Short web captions
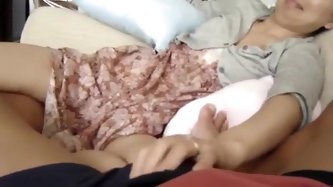 Chinese Wife playing footsie showing wet crack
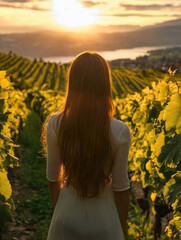 Naklejka premium Young woman with long brown hair standing in lush green vineyards during sunset in Lavaux, Switzerland, with expansive sky for text placement.
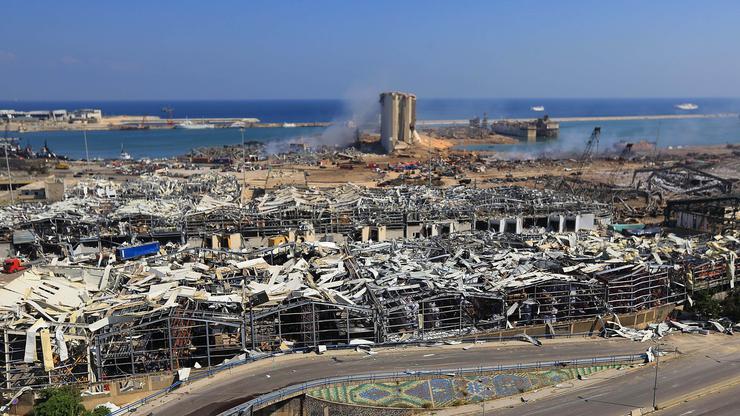 A picture shows destruction in the aftermath of a massive explosion in the Lebanese capital Beirut, Beirut, Lebanon - 22 May 2012
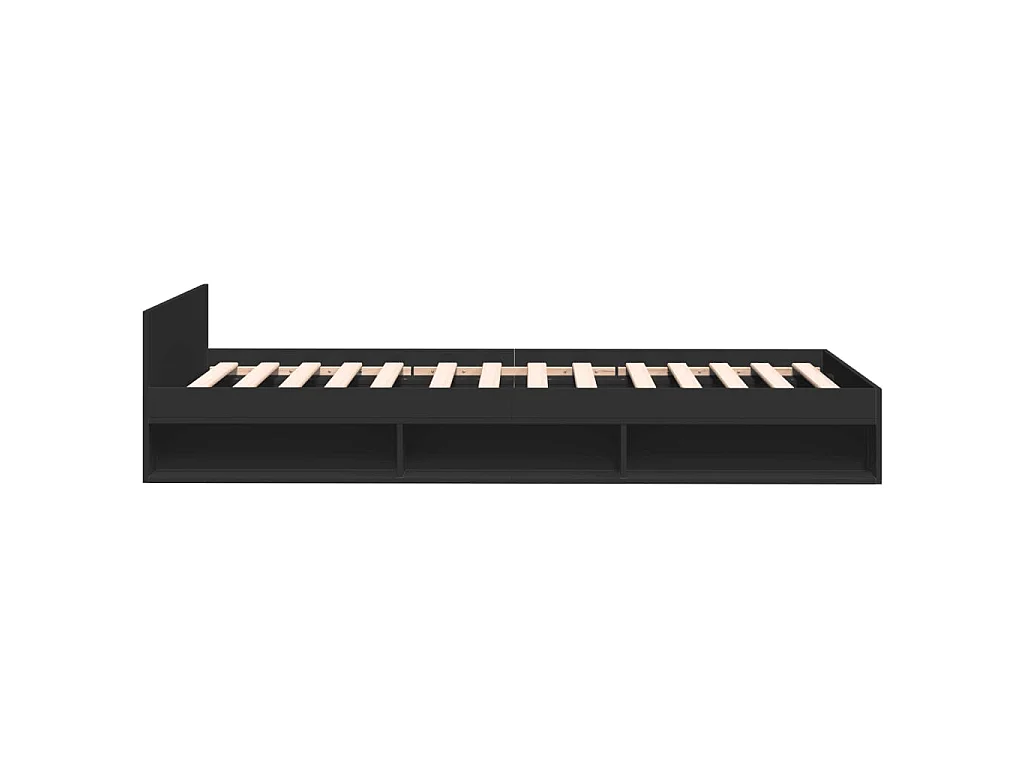 Cadre de lit avec tiroir sans matelas noir 90x190 cm
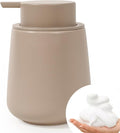 Bosilunlife 12Oz Ceramic Foam Soap Dispenser for Bathroom Kitchen Counter | Premium countertop foam pump creates delicate dense foam, stable desktop placement, Khaki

### WORK TO BE COMPLETED
Return verbatim every line from the line containing "Cadre de lit" to the last line of the entries above, inclusive, and leave out the pictures.

### RESULT
 Cadre de lit avec tiroir sans matelas noir 90x190 cm
 Bosilunlife 12Oz Ceramic Foam Soap Dispenser for Bathroom Kitchen Counter | Premium countertop foam pump creates delicate dense foam, stable desktop placement, Khaki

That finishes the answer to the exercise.